— Work request —
Select the lines below containing the word "with".

— Data shown —
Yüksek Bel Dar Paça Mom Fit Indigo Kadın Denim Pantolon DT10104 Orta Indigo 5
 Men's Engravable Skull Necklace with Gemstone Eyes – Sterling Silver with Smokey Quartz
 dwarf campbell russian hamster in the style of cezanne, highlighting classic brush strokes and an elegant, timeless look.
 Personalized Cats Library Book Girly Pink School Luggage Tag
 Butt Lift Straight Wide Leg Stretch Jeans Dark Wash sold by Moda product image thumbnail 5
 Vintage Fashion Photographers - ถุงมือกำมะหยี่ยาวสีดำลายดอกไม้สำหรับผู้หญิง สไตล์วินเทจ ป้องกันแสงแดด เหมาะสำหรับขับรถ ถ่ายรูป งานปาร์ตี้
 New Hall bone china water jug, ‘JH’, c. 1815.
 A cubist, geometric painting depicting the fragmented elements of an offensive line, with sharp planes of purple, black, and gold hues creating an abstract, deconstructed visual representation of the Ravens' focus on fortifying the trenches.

— Written answer —
 Men's Engravable Skull Necklace with Gemstone Eyes – Sterling Silver with Smokey Quartz
 A cubist, geometric painting depicting the fragmented elements of an offensive line, with sharp planes of purple, black, and gold hues creating an abstract, deconstructed visual representation of the Ravens' focus on fortifying the trenches.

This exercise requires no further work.